National Security Brief: November 2, 2011

— On Syrian state television, the government of Bashar al-Assad says it accepted a plan laid out by the Arab League to end the brutal crackdown on largely non-violent protests that has wracked the country for seven months, though the Arab League says it has not received a formal response.

— Turkey will back sanctions against Syria and may support further steps, including a buffer zone to protect Syrian civilians or a no fly-zone in Syrian airspace, if Syrian president Bashar Al Assad continues his crackdown on anti-government protesters.

— Syrian army defector Col. Riad Assad — no relation to the current president — said from a heavily guarded enclave in Turkey that he will lead an armed rebellion against the Syrian regime. “We are the future army of a new Syria,” he said, “We are striking Assad’s regime and his army in many spots.”

— An assessment conducted by NATO and the Afghan Interior Ministry found that President Hamid Karzai’s “plan to disband private security companies that protect billions of dollars worth of aid projects and replace them with government forces is fraught with problems and unlikely to meet the president’s March deadline to complete the transition.”

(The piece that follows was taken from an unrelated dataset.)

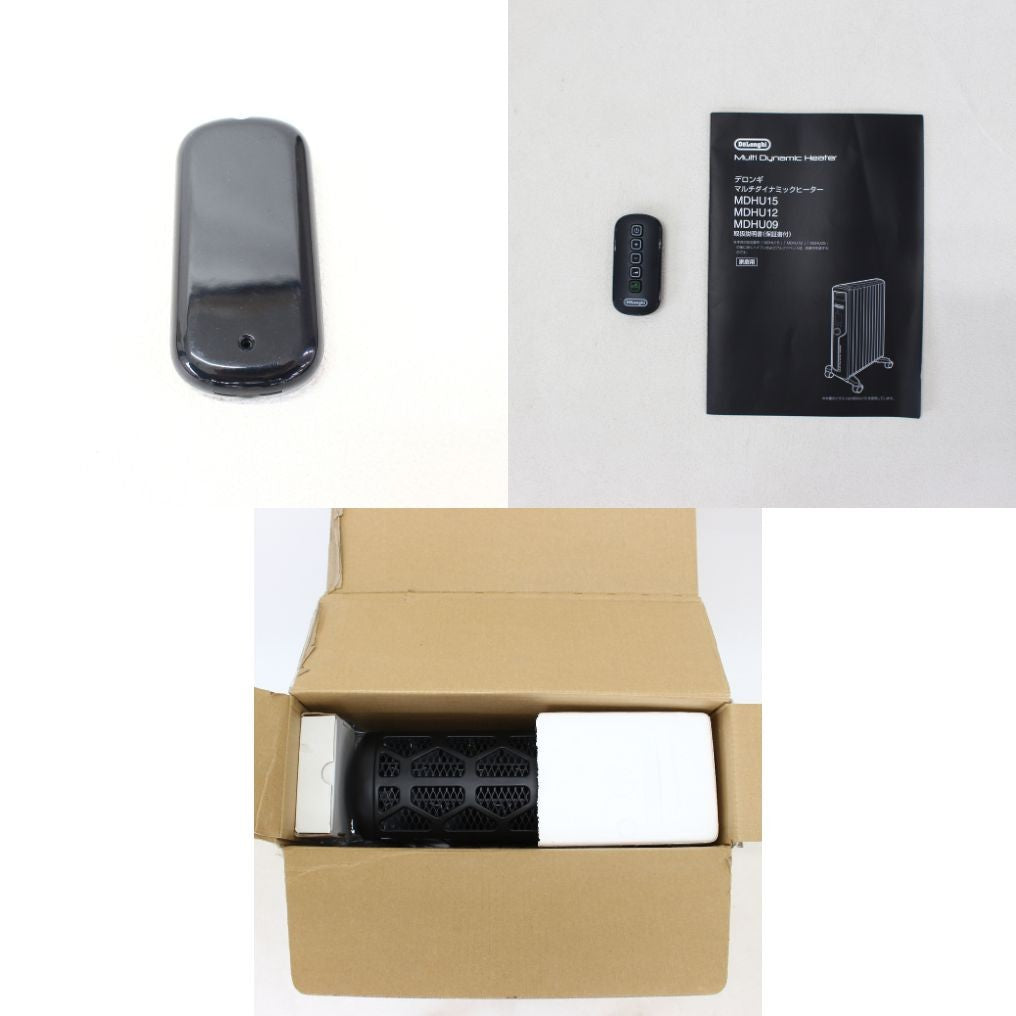 [中古(C)] [2020年発売モデル] デロンギ マルチダイナミックヒーター MDHU12-BK 1200W ピュアホワイト＋マットブラック (暖房目安 8～10畳) mdhu12-bk　[可]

— Militia leaders who fought against Qaddafi forces in the Libyan revolution are abandoning a pledge to give up their weapons, saying they intend to influence political decisions as “guardians of the revolution.”

— The European Union envoy to Yemen said the government had accepted a U.N. plan to transfer power there, asking that opposition leaders return from Gulf countries for talks.

— Egypt’s interim military leadership “will soon unveil a law barring corrupt former regime members from taking part in upcoming parliamentary elections.”

— Washington-based Guantanamo lawyers said that the military changed its policy and is now reading legally-privileged mail between the lawyers and the detainees they are representing.